I don’t know how you are feeling about the issues in Washington, but I feel it is time to get rid of all of these “Good ole boys.” Maybe they should take all of their millions, contribute them to the country to help America rise above these financial mistakes. Maybe they should have to worry about surviving with Social Security, Medicare and/or getting paid as a soldier — that is IF they get paid.

This is a disgrace. Next year is the year for all of us to take a stand and to tell Washington we are mad as Hell and we are not taking this anymore!

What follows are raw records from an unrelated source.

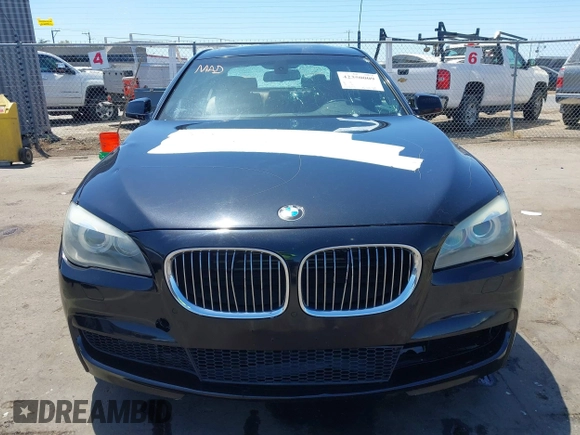 2011 BMW 7 Series 750Li с VIN WBAKB8C5XBCY64531, выставлен на аукционе IAAI как лот 42350009 с пробегом 113 893 миль миль и . История ставок и продаж доступна на DreamBid. Изображение 12.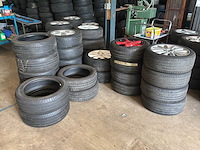 Partij autoband met velg - afbeelding 1 van  6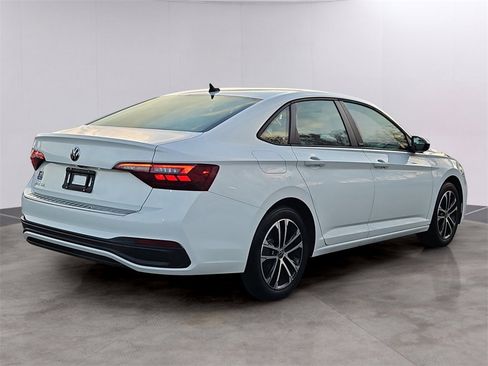 Certified 2024 Volkswagen Jetta Sport image 4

I am ashamed of all of them! Living in South Carolina, I am still a bit disgraced over our politicians. Yes, next year I will do all I can to voice my concerns by voting, and I suppose I will continue to voice my opinion in my blogs!

American Politicians…there’s nothing like ’em! Why can’t they simply recognize America has made the financial mistakes and it is time to pay these bills! We cannot allow our country to keep slipping away. It is time for “Made in America” to actually mean something again — instead of “Made in China….” “Made in Vietnam….” Etc. Etc. Don’t even get me started about all of the telemarketers who call me from India, or customer service reps who reside there to make hotel reservations, or to assist with complaints or service! Nothing gets under my feather quicker than the inability to understand someone who cannot speak the same language as I do so we really can communicate!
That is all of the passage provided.